C'est exceptionnel. D'habitude, Copermo, c'est 50/50. Là, on nous a validé un plan qui vise davantage l'augmentation des recettes. Cela veut bien dire que nous avons de l'ambition pour cet hôpital


Si on rentre dans les détails, ces 40% d'économies vont concerner :

- des économies d'achats pour l'établissement
- des économies sur les effectifs à hauteur de 190 ETP (Equivalent Temps plein)

La direction explique : "Si nous règlons notre problème d'absentéisme, évalué à 8%, on peut déjà rendre 50 ETP. Ce n'est pas rien. Nous avons aussi fermé 22 lits, soit 35 postes".

 



Pour les 105 postes restants, une réorganisation est en cours dans les services (55 soignants sont concernés) mais aussi dans les bureaux administratifs et logistiques (50 postes).

"On s'est aperçu en comparant avec les autres hôpitaux que nous étions en sureffectif de 25% chez les administratifs, comme les sécrétaires médicales. Donc on se réorganise. On ne renouvelle pas certains contractuels"
 



Mais entre la théorie des chiffres et la réalité du terrain, ça coince parfois. Prenons l'exemple de la maternité. 10 lits ont été fermés car on recensait une baisse de 5% d'accouchements par an.

Sauf qu'en juillet, l'activité a explosé, toutes les femmes accouchaient au même moment et le personnel s'est vite retrouvé en grande difficulté.

C'est là, toute la subtilité.
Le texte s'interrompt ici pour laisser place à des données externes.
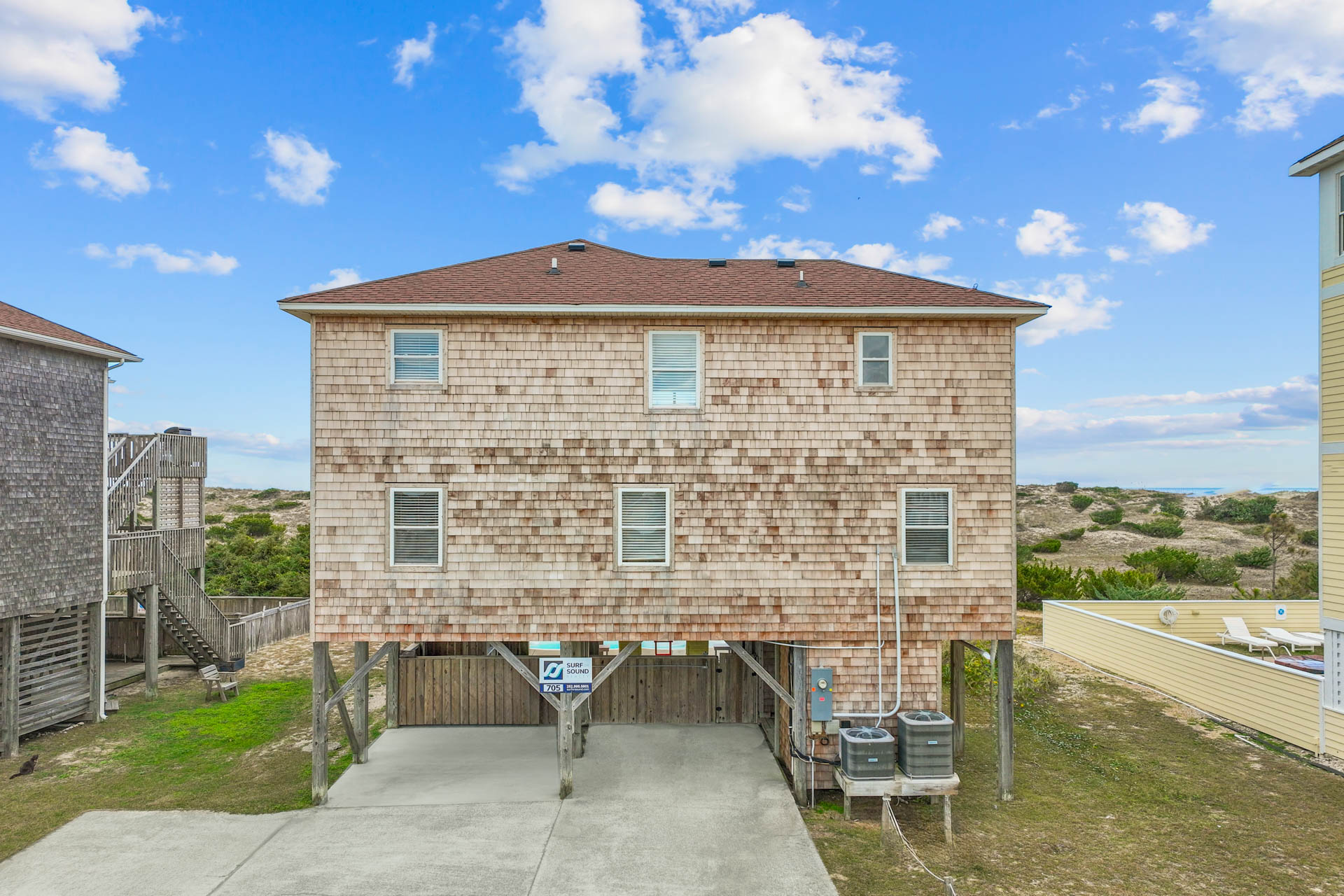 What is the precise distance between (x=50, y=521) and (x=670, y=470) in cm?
1129

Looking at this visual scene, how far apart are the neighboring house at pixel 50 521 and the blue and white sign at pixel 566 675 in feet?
30.7

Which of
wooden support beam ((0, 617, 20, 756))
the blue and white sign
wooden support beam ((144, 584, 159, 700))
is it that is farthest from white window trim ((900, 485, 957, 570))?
wooden support beam ((144, 584, 159, 700))

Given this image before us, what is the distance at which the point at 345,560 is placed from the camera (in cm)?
976

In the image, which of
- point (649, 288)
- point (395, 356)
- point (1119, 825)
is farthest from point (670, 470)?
point (1119, 825)

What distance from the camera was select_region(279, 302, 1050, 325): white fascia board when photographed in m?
9.67

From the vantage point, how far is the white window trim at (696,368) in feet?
32.8

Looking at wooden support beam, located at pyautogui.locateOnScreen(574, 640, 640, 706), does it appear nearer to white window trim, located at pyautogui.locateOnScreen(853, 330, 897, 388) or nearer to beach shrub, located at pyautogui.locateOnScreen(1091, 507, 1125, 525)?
white window trim, located at pyautogui.locateOnScreen(853, 330, 897, 388)

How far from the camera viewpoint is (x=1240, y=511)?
51969 millimetres

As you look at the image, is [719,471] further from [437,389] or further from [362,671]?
[362,671]

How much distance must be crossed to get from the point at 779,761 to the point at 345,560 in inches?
284

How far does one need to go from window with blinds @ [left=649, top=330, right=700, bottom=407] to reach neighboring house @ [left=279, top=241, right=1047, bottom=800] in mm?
28

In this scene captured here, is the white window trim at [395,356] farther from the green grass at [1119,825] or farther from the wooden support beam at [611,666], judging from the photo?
the green grass at [1119,825]

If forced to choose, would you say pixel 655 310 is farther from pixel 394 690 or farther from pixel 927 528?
pixel 394 690

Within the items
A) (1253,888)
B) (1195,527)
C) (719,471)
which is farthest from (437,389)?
(1195,527) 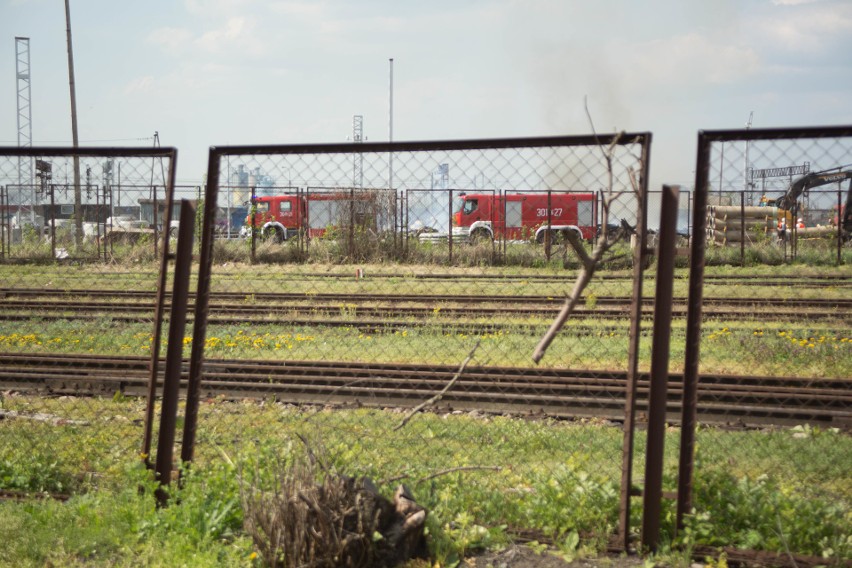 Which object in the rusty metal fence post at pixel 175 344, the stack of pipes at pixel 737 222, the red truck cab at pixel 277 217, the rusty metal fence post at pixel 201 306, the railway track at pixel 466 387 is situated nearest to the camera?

L'hôpital public en général et les services d'urgences en particulier ne se gèrent pas comme n'importe quelle administration, où règne l'anticipation.

Jeudi 26 décembre, la direction recensait 45 lits vides et assurait "on ne met pas la population en danger", mais les soignants, eux, se sentent à bout de souffle.

 


Tous ses dossiers, Smur, Copermo, dialogue social, personnel à cran, s'accumulent sur le bureau de la nouvelle directrice, Séverine Karrer, qui arrivera le 2 janvier.

Elle vient du CHU de Caen et devrait à priori ne pas manquer de défis à relever pour cette nouvelle année 2020, dans le Cotentin.